Our findings advocate against a “trial and error” approach in terms of drug cessation since re-initiation of a DMT following a clinical relapse in patients might not protect from further disability worsening. Especially in patients receiving a different DMT than the one they stopped or who had longer treatment-free intervals, one has also to consider the “therapeutic lag” before a new DMT exerts its full effect on inflammatory activity and potentially disability worsening [52].

As discussed before, another limitation especially within the OFSEP study is the presence of unknown confounders driving drug cessation and thus the potential introduction of bias. Among patients having stopped treatment in this study, main reasons reported were inactive but progressive disease (22%), adverse events (22%) and “scheduled discontinuation” (35%). As already stated in the introduction, adverse events and safety concerns are likely drivers of drug discontinuation.

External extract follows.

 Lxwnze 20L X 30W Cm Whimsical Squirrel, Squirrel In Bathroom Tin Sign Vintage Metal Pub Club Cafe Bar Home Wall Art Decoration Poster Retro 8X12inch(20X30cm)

Such concerns are potentially fueled by data indicating increased rates of adverse events and comorbidities associated to DMT especially in older patients [53]. Among relevant comorbidities, depressive episodes, as another significant comorbidity, also contributes to the overall complexity of managing MS in older patients [54]. Cardiovascular comorbidities are of particular relevance due to their complex interaction with aging and MS progression, further influencing treatment decisions in this patient population. Furthermore, recent studies shed a light in the complex interplay of cardiovascular diseases and DMT. For example, it was shown that fingolimod substantially increases the risk for CVD in MS patients [55]. Since CVD are more common in older patients, their importance as risk factor for treatment continuation grows with age. Furthermore, polypharmacy often results from CVD as well and this was identified as separate risk factor for drug discontinuation [56, 57]. In our recent study however, we confirmed earlier observations [58] that presence of (multiple) CVD promoted progressive disease following clinical relapses [48]. This was also observed by other groups in 2024 [59]. Thus, the following chapter will review the current evidence on CVD and multiple sclerosis to give a first framework for decision making in (older) patients with CVD and DMT.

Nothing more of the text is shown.